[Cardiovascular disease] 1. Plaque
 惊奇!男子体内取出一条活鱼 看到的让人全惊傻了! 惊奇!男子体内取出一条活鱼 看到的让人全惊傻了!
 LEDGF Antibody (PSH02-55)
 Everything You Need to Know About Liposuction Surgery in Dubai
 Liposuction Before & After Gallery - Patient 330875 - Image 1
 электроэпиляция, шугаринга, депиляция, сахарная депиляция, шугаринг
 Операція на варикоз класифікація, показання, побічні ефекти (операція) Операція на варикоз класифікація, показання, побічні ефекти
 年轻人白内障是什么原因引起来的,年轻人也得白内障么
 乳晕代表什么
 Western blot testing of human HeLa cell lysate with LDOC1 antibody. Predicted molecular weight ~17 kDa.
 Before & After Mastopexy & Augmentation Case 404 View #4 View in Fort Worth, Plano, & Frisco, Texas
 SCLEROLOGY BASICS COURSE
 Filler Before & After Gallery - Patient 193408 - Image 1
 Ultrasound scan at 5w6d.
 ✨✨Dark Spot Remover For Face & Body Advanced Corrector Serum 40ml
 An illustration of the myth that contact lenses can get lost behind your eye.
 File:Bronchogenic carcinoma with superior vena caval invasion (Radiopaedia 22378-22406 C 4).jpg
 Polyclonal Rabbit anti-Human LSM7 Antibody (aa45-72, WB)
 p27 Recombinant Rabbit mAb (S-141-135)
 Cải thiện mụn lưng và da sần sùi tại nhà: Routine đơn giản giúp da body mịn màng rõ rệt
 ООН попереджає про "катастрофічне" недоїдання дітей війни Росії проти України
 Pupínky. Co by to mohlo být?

==*==

Search the material above for "with". Pull out each line where it shows up.

 Western blot testing of human HeLa cell lysate with LDOC1 antibody. Predicted molecular weight ~17 kDa.
 File:Bronchogenic carcinoma with superior vena caval invasion (Radiopaedia 22378-22406 C 4).jpg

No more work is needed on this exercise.